La ética de Jesús

Jorge Cunha

La obra responde a la relación sobre la atracción indudable que tiene la figura de Jesús de Nazaret y, a la vez, sobre las exigencias éticas de su doctrina. Y en el mundo actual no es tan fácil establecer dicha relación. Parece que ha desaparecido la ética del amor en la historia humana, y que es el hilo conductor de la vida y el mensaje de Jesús. Para resolver dicho problema, el profesor Cuhna estudia, profundiza y fija la ética que Jesús vivió como camino de la virtud para todos los bautizados. Él es, pues, el centro de la ética cristiana. Después viene, necesariamente, la cultura de cada pueblo que debe apropiarse dicha ética en razón de los objetivos y perspectivas vitales que entraña. La cultura occidental piensa que la ética cristiana se sitúa en una dimensión heterónoma, ajena a la historia, y que se impone a la razón humana o a los objetivos vitales que cada generación posee dentro de unos determinados parámetros culturales. Por otra parte, y desde la perspectiva contraria, se puede plantear la ética cristiana  según la Encarnación de la Palabra. Entonces los valores a seguir no habrían que referirlos  a una ética situada fuera de la historia, o salirse de la autonomía humana, pues  dicha ética sería más bien fruto del más evidente humanismo. Siguiendo a Michel Henry —Yo soy la verdad. Salamanca 2001; Palabras de Cristo. Salamanca 2004; Auto-donation. Paris 2004—, el autor desarrolla en cuatro capítulos la tesis siguiente: «No es la razón la que fundamenta la vida, sino la vida la que fundamenta la razón». Y ello teniendo como objetivo lo que la teología moral siempre se ha propuesto: que no es una cuestión exclusivamente interna de la comunidad cristiana, sino que el mensaje de Jesús tiene validez universal, por ser una vía compresible para todo hombre (13).

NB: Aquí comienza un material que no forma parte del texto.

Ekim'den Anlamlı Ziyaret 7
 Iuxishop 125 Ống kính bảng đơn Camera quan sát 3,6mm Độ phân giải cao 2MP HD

La obra trata de la conciencia, la norma moral y la existencia virtuosa, después de plantear, como capítulo inicial, que la Vida que introduce la Palabra en la historia humana, lo que se llama la Vida invisible, recorre el camino desde el principio hasta el final de la vida del hombre. Esta  Vida precede a la ética y el poder obrar precede al juicio, pues toda acción que se da en el mundo participa de la fuerza que genera la presencia del Hijo en la Creación (39).

Los hombres tenemos conciencia de sí. Al contrario de los demás seres, poseemos la capacidad de manifestarnos a nosotros mismos. Sin embargo, no sabemos como  funciona nuestra conciencia como lugar de conocimientos, porque, si adquirimos  cantidad de ellos que acceden a ella, no percibimos cómo se hacen conciencia. A esto añade la conciencia moral el componente de responsabilidad: responsabilidad del mundo y de sí mismo. Tanto la conciencia humana como la moral quedaron invalidadas por la Modernidad al marginarse el universo objetivo donde se situaban las normas de conducta. La razón asume la fundamentación del orden ético del mundo. Pero estamos en las mismas: no se sabe como se fundamenta la propia conciencia. Y tampoco vale justificar la obligatoriedad de la conciencia  cuando se asienta sobre las cualidades de la rectitud, la verdad y la certeza, pues permanece la dimensión representativa de un orden normativo. La vía de solución está en la subjetividad que se identifica con el poder saber y la posibilidad de desarrollar dicho saber, algo muy distinto  al pensamiento representativo de una cosa. La conciencia moral se une a la vivencia de Jesús resucitado originado y vehiculado por el don de la fe. «Jesús vivió una subjetividad única, de la que todos los seres humanos están destinado a participar. Esta subjetividad constituye el único origen de la subjetividad humana y la única fuente de la conciencia moral» (59).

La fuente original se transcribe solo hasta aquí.